Biodiversity monitoring has been commonly done manually by highly trained professionals who have the skills to recognize animals in the forest by sight or sound. Over a time period of months or years, a dataset of all the animals observed at a specific location in the forest can be compiled. Even though this is an established and tested procedure, it is costly, time consuming, and prone to human bias.

SAFE Acoustics is an interdisciplinary research project in which cutting-edge engineering and machine learning developments are used to fully automate biodiversity monitoring in Borneo's tropical forests. This is done by listening to the animals' sounds.

At the SAFE project research site in Sabah, Malaysia, they created real-time acoustic monitoring units and have deployed them in a network across varied levels of forest degradation. Some of their recorders are located in primary forest that has been greatly unaffected by humans, whereas others are located in logged forests and even in commercial oil-palm plantations.

source: http://acoustics.safeproject.net/about


## Exploratory Data Analysis of SAFE acoustic monitoring dataset

"This dataset contains a series of 20 minute avifaunal and herpetofaunal point counts conducted throughout the SAFE landscape across a land degradation gradient. Point counts were spread evenly throughout the 24 hours of the day. Associated with each point count is an audio recording file, so (theoretically) this could be used as a training dataset for automated bioacoustic studies. Jani Sleutel was responsible for avifaunal surveys and Adi Shabrani / Nursyamin Zulkifli for herpetofaunal data. This experiment was primarily designed by Sarab Sethi and Rob Ewers as part of the WWF Biome Health project."

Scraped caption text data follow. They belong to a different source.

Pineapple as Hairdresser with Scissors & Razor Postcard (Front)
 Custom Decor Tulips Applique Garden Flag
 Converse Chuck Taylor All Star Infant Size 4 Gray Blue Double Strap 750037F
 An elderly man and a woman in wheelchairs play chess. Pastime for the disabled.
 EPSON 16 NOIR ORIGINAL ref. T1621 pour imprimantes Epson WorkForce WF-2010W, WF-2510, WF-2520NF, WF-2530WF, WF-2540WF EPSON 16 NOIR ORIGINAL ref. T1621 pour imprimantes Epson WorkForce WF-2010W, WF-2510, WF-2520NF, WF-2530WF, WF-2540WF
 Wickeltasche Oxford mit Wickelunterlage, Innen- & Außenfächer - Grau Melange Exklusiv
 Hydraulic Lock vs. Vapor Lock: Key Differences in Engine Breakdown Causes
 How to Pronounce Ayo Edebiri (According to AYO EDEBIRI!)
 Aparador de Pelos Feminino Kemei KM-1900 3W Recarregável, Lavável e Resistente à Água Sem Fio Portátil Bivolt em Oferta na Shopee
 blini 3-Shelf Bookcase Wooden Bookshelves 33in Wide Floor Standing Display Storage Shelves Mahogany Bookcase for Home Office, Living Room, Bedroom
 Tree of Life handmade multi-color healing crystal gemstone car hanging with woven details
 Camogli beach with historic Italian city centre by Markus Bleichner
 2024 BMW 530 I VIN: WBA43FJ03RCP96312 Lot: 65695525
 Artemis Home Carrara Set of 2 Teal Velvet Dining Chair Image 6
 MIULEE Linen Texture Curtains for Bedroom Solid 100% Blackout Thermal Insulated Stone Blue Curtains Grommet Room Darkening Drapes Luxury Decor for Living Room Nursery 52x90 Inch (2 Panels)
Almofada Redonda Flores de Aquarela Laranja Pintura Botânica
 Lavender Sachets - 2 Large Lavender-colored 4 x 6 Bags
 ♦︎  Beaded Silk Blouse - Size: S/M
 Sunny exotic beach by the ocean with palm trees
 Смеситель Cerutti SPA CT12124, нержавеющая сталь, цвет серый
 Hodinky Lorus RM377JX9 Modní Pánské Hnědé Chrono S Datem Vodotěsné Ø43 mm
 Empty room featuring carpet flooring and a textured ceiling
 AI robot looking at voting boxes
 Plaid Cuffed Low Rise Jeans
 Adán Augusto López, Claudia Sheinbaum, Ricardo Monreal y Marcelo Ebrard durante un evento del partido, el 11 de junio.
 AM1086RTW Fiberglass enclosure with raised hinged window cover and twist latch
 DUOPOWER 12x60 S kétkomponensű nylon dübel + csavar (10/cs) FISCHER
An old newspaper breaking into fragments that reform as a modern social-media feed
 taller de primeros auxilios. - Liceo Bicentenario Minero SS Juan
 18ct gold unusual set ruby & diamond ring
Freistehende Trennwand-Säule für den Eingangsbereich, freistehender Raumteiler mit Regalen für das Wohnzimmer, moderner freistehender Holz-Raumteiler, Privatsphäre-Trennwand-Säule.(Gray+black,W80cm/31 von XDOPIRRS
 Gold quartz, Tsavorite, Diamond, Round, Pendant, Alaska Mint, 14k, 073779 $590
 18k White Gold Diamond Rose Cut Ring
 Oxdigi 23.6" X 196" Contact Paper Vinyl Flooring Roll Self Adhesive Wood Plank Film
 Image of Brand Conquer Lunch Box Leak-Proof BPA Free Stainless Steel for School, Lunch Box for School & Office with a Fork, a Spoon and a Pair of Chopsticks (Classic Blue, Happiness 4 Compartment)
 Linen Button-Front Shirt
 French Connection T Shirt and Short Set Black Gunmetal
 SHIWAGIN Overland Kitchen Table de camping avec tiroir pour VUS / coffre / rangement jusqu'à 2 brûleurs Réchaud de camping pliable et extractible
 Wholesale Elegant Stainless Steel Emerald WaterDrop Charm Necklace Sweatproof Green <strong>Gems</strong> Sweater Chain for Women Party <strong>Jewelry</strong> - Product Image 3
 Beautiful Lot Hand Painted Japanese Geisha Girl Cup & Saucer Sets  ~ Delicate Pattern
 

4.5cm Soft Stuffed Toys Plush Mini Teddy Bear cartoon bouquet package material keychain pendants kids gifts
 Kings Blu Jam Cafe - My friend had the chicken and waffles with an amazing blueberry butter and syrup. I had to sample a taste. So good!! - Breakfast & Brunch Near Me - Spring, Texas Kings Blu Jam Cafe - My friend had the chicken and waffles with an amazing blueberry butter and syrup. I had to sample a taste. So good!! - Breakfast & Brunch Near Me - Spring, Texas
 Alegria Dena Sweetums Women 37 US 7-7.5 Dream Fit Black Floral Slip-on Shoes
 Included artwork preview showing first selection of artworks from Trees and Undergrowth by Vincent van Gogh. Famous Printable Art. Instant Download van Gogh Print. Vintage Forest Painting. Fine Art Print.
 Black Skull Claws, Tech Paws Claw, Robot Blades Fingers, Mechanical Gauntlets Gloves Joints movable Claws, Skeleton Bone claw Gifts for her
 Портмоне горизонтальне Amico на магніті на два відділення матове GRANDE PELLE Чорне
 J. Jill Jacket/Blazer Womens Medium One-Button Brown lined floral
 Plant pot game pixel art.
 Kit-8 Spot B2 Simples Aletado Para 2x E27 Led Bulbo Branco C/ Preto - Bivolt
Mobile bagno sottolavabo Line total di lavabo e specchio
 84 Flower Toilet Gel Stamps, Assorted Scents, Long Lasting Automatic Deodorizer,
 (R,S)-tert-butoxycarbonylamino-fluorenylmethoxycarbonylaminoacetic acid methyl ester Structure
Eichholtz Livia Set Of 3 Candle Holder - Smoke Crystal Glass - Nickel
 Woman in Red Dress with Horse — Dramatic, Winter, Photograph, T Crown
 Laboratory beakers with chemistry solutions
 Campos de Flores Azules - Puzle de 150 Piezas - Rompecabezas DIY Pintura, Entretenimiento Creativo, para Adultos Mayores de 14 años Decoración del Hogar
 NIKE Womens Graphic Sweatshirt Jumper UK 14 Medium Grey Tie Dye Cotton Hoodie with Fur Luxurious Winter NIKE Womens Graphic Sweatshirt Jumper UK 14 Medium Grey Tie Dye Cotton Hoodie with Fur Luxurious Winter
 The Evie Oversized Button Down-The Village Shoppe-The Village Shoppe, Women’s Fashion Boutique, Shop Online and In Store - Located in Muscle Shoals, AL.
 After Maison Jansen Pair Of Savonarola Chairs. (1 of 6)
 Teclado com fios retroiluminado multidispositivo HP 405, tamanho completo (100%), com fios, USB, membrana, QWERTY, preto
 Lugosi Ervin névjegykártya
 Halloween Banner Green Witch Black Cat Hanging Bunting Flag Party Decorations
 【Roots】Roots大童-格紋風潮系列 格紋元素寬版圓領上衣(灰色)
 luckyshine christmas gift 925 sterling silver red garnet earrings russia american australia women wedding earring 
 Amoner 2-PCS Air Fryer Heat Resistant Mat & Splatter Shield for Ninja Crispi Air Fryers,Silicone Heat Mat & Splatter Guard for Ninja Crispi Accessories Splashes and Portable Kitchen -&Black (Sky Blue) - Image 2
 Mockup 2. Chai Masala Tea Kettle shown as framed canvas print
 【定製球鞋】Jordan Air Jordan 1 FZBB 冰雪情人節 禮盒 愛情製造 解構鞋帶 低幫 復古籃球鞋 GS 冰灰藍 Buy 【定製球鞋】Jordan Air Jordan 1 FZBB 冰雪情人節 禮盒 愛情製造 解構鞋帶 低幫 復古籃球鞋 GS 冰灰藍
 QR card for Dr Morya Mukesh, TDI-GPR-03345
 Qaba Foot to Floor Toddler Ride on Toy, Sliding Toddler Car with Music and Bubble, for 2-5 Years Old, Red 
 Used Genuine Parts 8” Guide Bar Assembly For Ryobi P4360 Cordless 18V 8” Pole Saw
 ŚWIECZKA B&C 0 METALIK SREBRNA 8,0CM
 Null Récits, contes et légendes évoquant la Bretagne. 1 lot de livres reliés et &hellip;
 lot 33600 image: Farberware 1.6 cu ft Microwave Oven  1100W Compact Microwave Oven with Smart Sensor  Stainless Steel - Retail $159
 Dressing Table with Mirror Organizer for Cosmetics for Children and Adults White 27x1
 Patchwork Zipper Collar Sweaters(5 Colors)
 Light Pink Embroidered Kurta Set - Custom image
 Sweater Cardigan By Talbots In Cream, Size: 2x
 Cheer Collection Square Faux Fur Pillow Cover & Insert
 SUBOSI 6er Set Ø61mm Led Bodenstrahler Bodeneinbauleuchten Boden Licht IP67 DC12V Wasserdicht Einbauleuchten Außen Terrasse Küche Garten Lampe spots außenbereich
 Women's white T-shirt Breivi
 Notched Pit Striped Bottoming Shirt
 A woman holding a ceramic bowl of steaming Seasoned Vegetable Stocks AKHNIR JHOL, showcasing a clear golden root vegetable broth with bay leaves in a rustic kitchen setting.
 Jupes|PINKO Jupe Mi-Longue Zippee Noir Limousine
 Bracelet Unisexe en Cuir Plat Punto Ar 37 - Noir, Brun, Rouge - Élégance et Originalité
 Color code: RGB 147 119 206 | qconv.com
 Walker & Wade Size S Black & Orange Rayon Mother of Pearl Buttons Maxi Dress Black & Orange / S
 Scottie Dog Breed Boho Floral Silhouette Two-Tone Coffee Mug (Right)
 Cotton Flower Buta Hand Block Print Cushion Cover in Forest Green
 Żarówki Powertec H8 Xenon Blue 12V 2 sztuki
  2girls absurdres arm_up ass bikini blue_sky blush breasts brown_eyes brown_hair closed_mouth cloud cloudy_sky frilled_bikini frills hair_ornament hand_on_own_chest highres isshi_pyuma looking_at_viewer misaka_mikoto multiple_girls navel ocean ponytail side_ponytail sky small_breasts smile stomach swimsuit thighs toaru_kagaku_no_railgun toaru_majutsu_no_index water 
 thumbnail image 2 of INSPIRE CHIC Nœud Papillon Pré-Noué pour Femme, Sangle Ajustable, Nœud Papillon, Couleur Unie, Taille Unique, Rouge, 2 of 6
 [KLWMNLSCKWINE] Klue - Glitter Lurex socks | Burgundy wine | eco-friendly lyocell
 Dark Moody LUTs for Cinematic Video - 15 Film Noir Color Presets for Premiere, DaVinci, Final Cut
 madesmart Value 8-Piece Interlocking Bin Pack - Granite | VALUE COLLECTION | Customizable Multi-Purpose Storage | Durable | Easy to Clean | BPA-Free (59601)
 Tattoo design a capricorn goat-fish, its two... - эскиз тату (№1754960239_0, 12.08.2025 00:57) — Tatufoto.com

The data was collected by installing prototype hardware systems(consisting of a Raspberry Pi, an electret microphone, an external audio card, a 3G data dongle, a solar panel and a battery) in the forest at Maliau (Sabah, Malaysia) and at SAFE. Microphones were installed in the tree canopy, using poles to extend the solar panel arrays beyond the shade of the canopy and ensuring continuous charging. Using lower quality audio allowed them to make use of slower mobile internet connections as well as reducing overall battery consumption of the system. They selected sites that had adequate mobile coverage. Acoustic data was transferred to servers in the UK via the mobile network. Celcom was used for data transfers, as previous field trials have demonstrated a consistent upload speed of > 1 Mbps can be achieved from ridges and south facing slopes. They expected to install up to 15 microphones to provide continuous acoustic data from sites that vary in terms of historical logging intensity and in future forest fragments that vary in size from one to 100 ha.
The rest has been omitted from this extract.